PASTA VE FOTOĞRAF YETER

Şatafatlı kutlamalar, çocuğun kendilik değerini abartılı algılamasına yol açar. Bu durum, çocuğun bireysel gelişimini ve sonraki yıllardaki yakın çevresi ile kuracağı ilişkileri olumsuz etkileyebilir. Sadece varlığının bile aile ve arkadaşları için ne kadar değerli olduğunun hissettirildiği doğduğu günün yıl dönümünün fark edilmesi ve sevilen bireylerle geçirilecek ortak keyifli vakit, çocuk için verilebilecek en güzel hediyedir.
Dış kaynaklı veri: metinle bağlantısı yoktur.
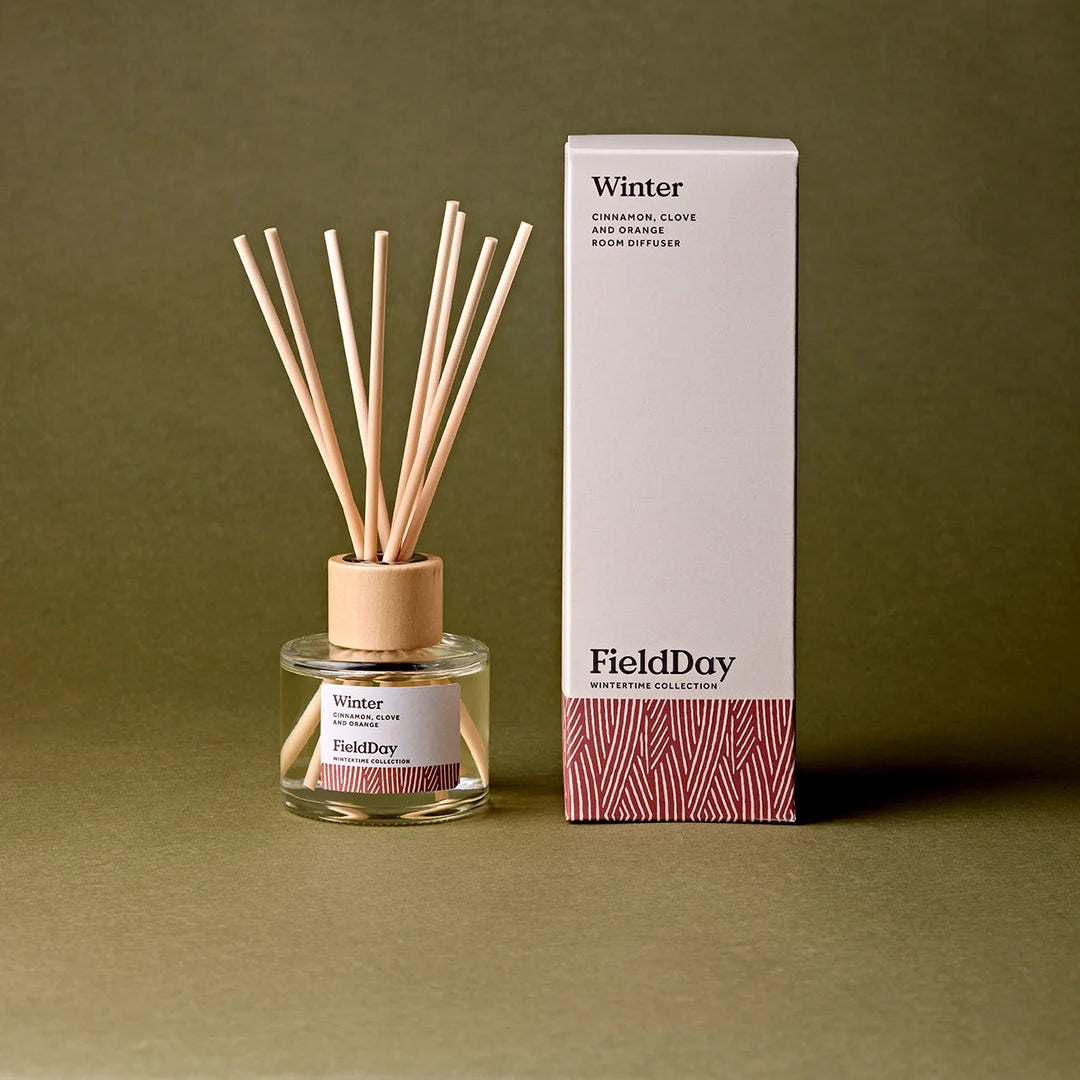 Classic Winter  Diffuser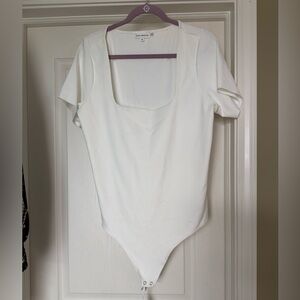 Good American Bodysuit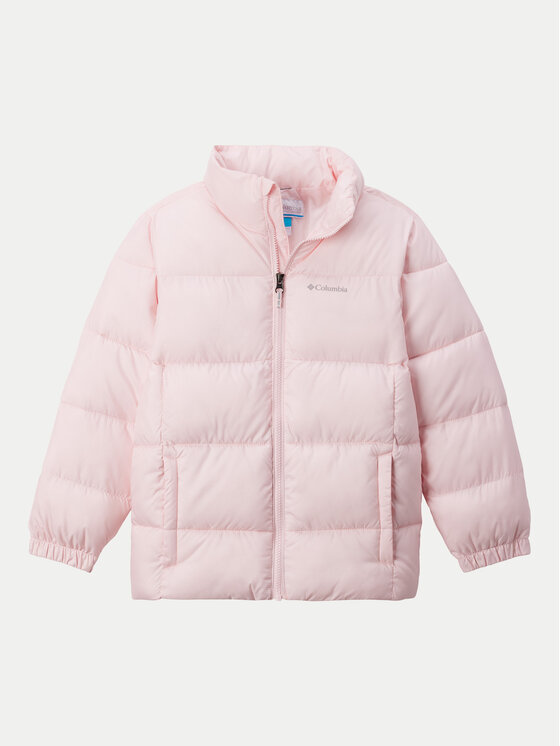 Columbia Columbia Zimska jakna Puffect™ II 2089992 Ružičasta Regular Fit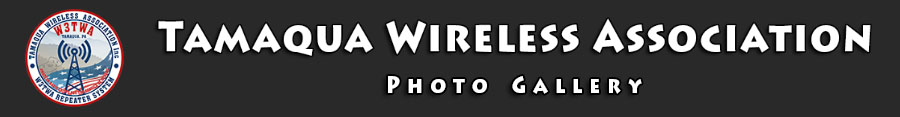 W3TWA Photo Gallery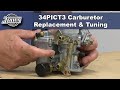 Jbugs  34pict3 carburetor replacement  tuning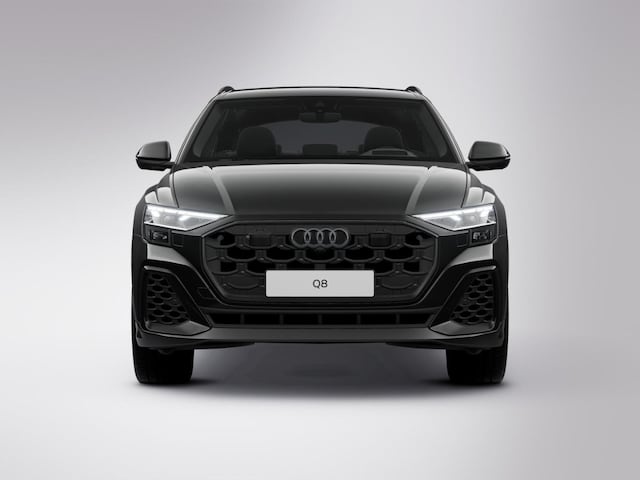 Audi Q8 55 TFSI Quattro Sportback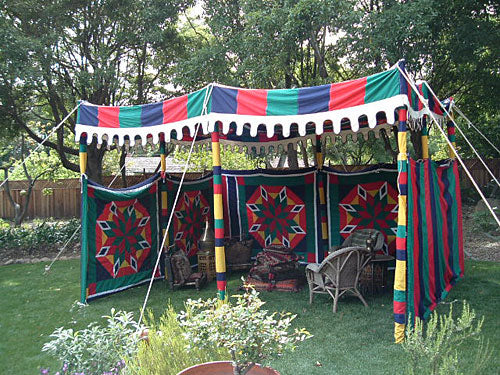 shamiana tent Shamiana Collection – The Tent Merchant Event Rentals Inc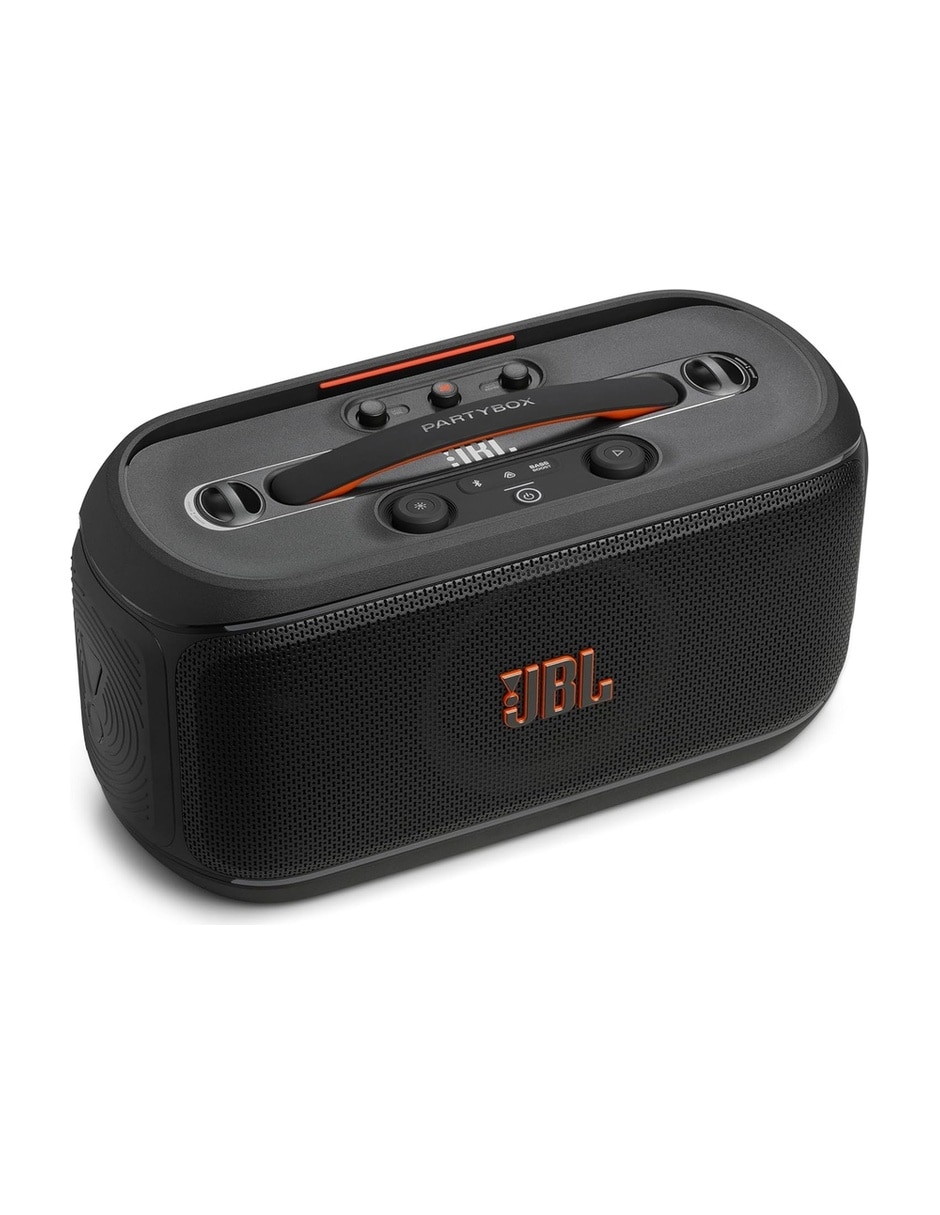 Bocina recargable Jbl bluetooth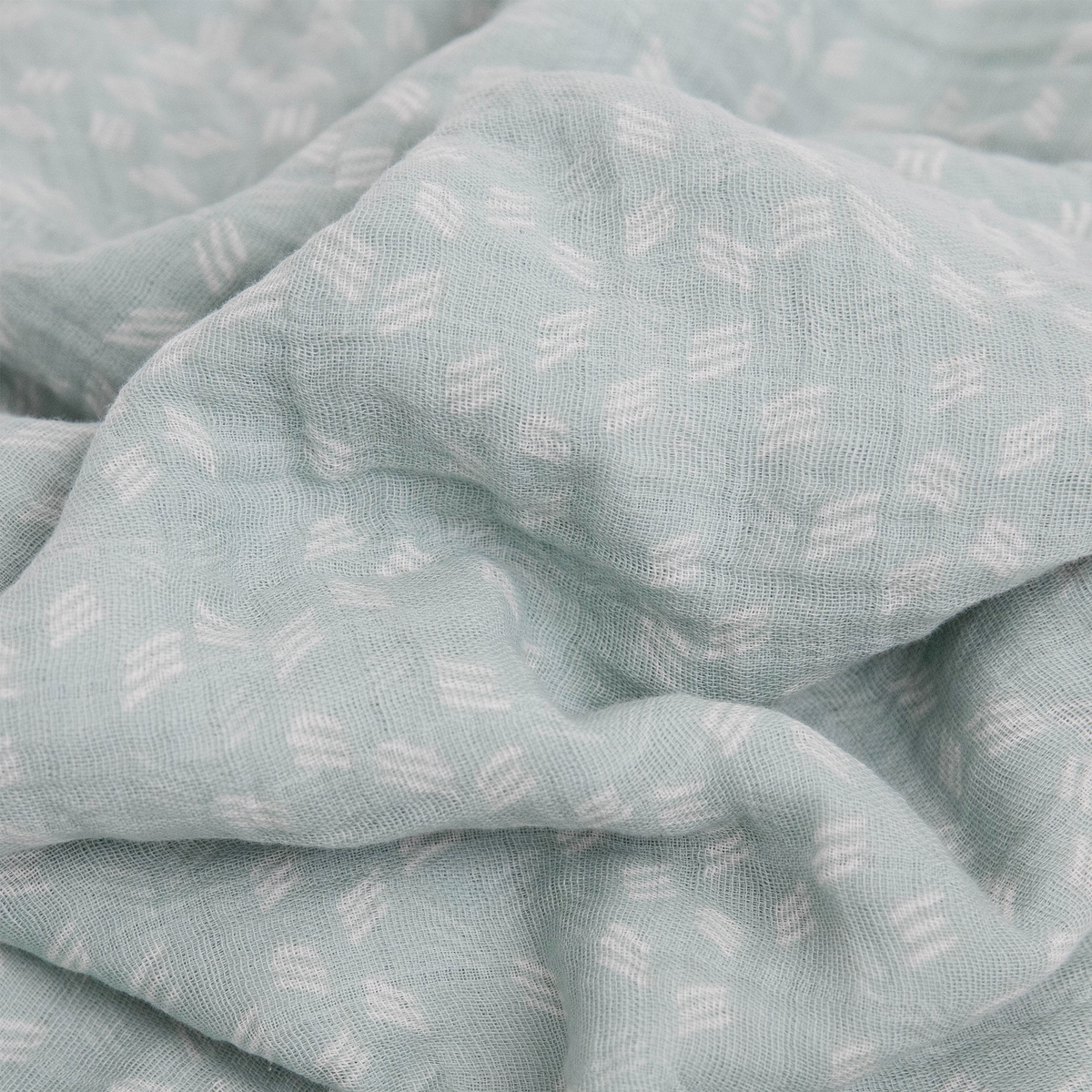 Cotton Muslin Swaddle 3 Pack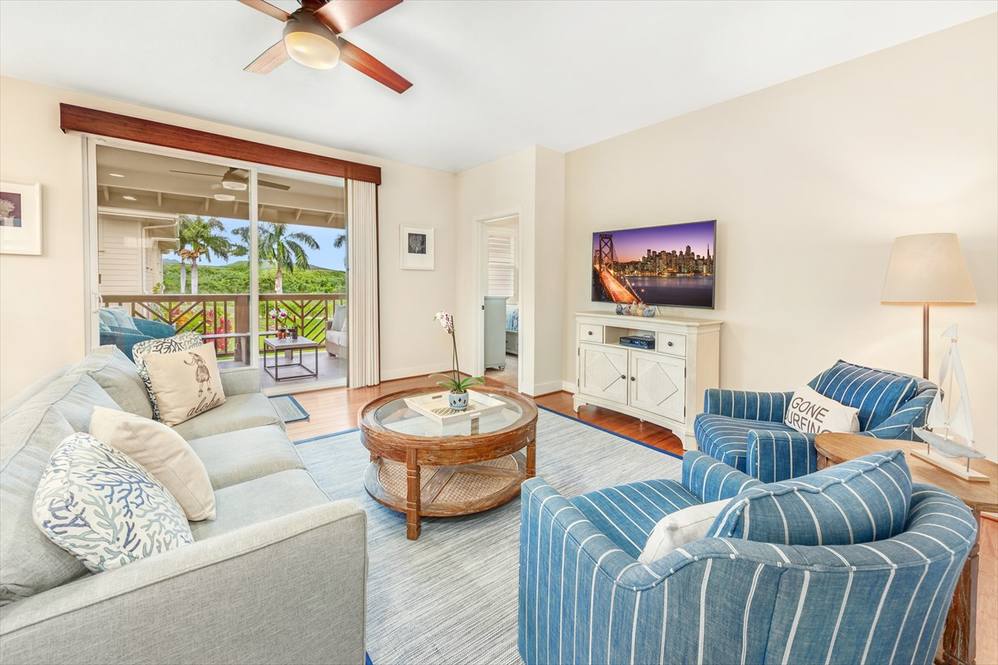 2611 KIAHUNA PLANTATION DR 2B Condo for Sale in KOLOA 640872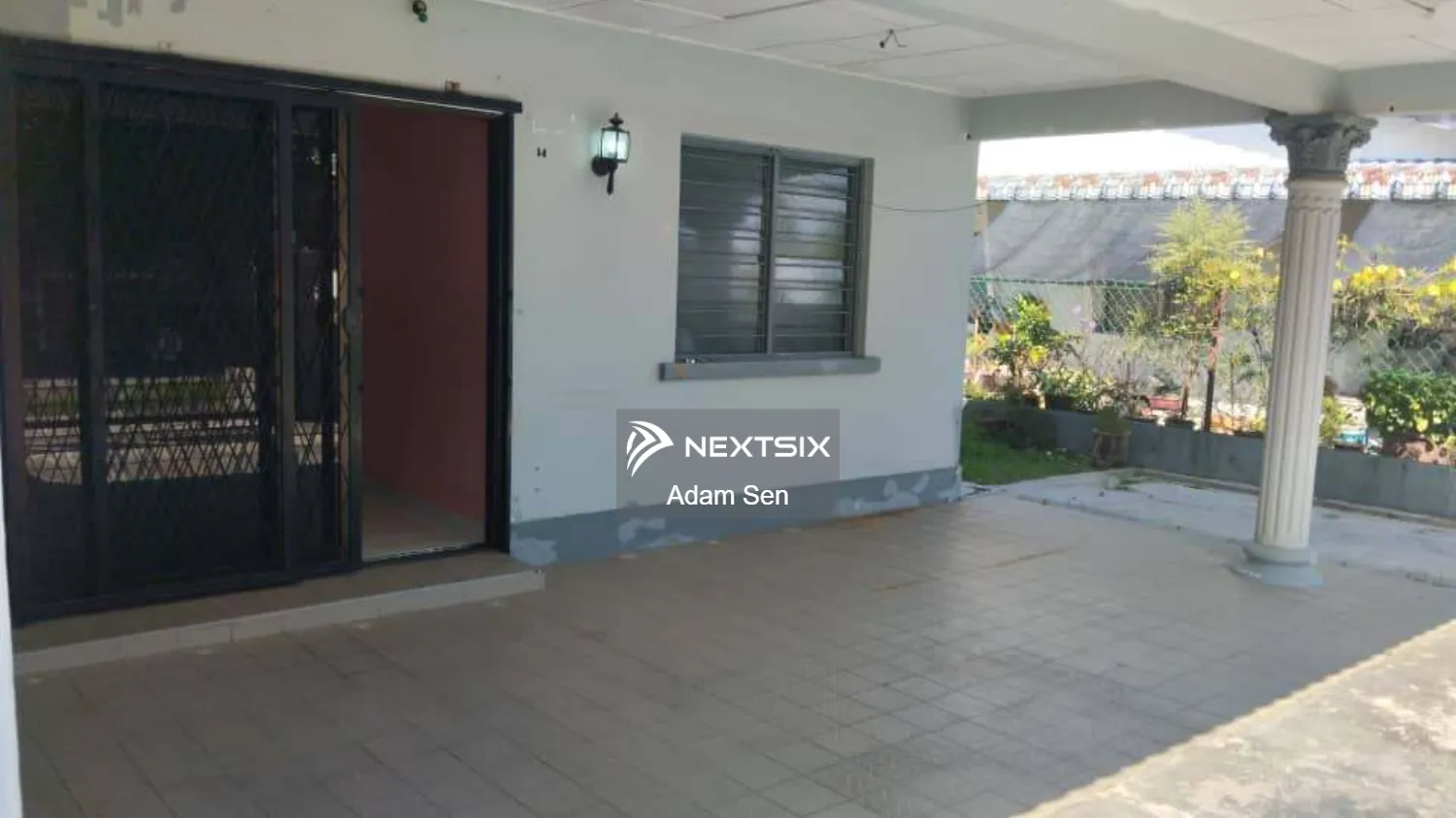Semi-detached House For Sale in Ipoh Perak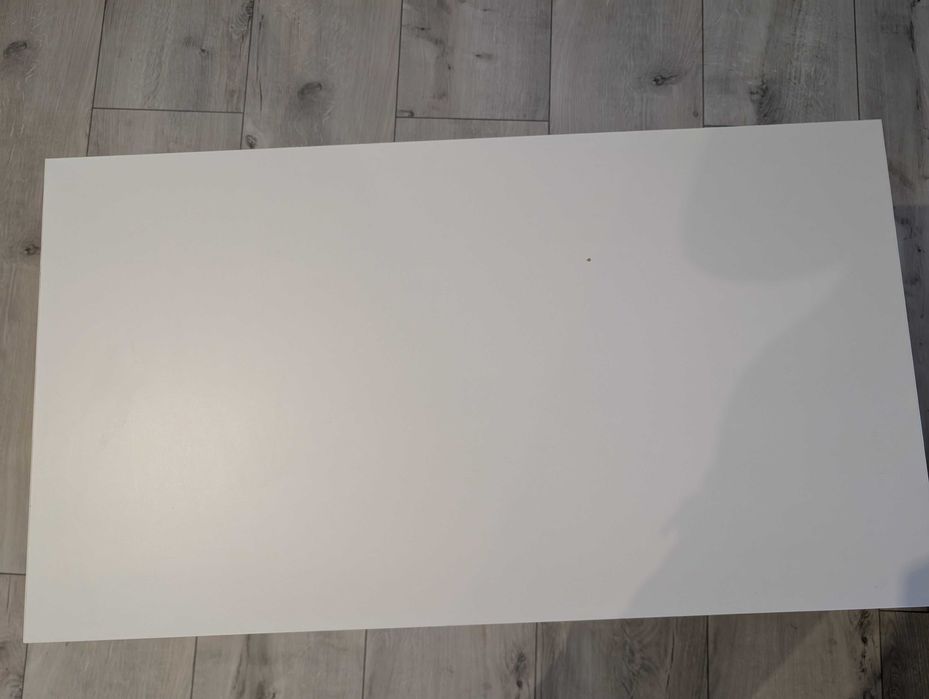 Ława biurko stolik smastad ikea 1szt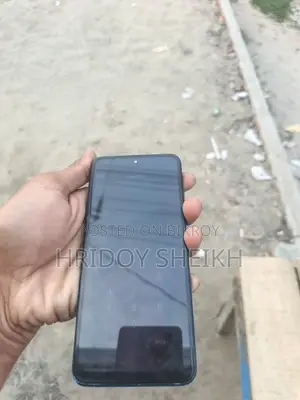Xiaomi Redmi Note 11 . (ব্যবহৃত)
Pasta, mum, fotoğraf, kamera çekimi gibi doğum günü ritüelleri ile bu farkındalığın desteklenmesi, günün yıllar sonrasına anı olarak taşınabilmesine aracılık edeceğinden, aşırılık olarak kabul edilemez.

MÜTEVAZILIKTAN ÇOK UZAK

Aşırılık; çocuğun yaşına uygun olmayan ve çoğunlukla da ailenin farkında olmadan bazen de zorunda kalarak yaptığı, pastanın büyüklüğüne takılı kalmak, organizasyonun yapılacağı yer ile ilgili aşırı zihinsel uğraşa girmek, katılacaklar listesi hazırlamak ve müzik seçimi gibi, kısacası 'en iyi doğum günü organizasyonu çabası' olarak sayılabilir. Ebeveynler, bir kısmı trend haline gelen bu partileri artık yapmak zorunda hissediyor. Çocuğun; mütevazılıktan çok uzak, ihtişamlı, abartılı, yarışa dönüşen bu organizasyonlara ihtiyacı yok.
 1 yaşından itibaren aile bireylerinin katılımı ile yapılan klasik doğum günü kutlamalarının bir sakıncası yok. Kutlamalara; okul dönemiyle yakın arkadaş çevresinin de dahil edilebileceği, ailenin sosyoekonomik koşullarını zorlamayan yaşa özgü ek aktiviteler eklenebilir.

AMAÇ KONUŞULMAK

Ev dışında büyük organizasyonlar ile yapılan doğum günü partilerinin ne okul öncesi dönemde, ne de okul çağında çocuğun bireysel gelişime en ufak bir olumlu etkisi yoktur. Aksine, çocuğun kendilik değerini algılamasında çarpıklıklar oluşturabilme riskini de içerir. Amaç sonraki gün herkesin o günü konuşması değil, o günün onun için özel bir gün olduğunun fark edildiğinin çocuğa hissettirilmesi olmalıdır. Doğumdan itibaren devamlılığı olan tutarlı annebaba davranışları, aşırı değer atfedilen bir günlük şaşalı bir doğum günü partisinden çocuğun sağlıklı ruhsal gelişimi için çok daha değerlidir.
 Çocuklar, doğdukları andan itibaren hayatı taklit ederek öğrenirler ve bunu yaparken de çok iyi birer gözlemcidirler. Anne-babalarını neyin mutlu ettiği, mutluluklarını nasıl dile getirdikleriyle ilgili oldukça yüksek bir farkındalığa sahiptirler. Ebeveynlerin birbirleri ile ilişkilerinde nezaket, incelik, mizah hakimse, önemli günlerin hatırlanması, ortak değerlere saygı duyulması ve sahiplenilmesi birer mutluluk kaynağıysa; böyle bir ortamı teneffüs eden bir çocuk zaman içerisinde bu değerleri içselleştirir.

ÇOCUK SEVGİYİ TERCİH EDER

Duyguların gösterilmesine fırsat verilmesi önemlidir. Bazen bir ergen, dinlenildiği zaman önemsendiğini hisseder. Duygu dışavurumu yüksek olan, yani çocuğuna sevgisini sarılarak, öperek, dokunarak gösteren ve duygularını söze dökerek dile getirebilen ebeveynlerin çocukları, maddi karşılığı olan pahalı hediyeler yerine, bu tür duygusal dokunuşlardan haz almayı deneyimler.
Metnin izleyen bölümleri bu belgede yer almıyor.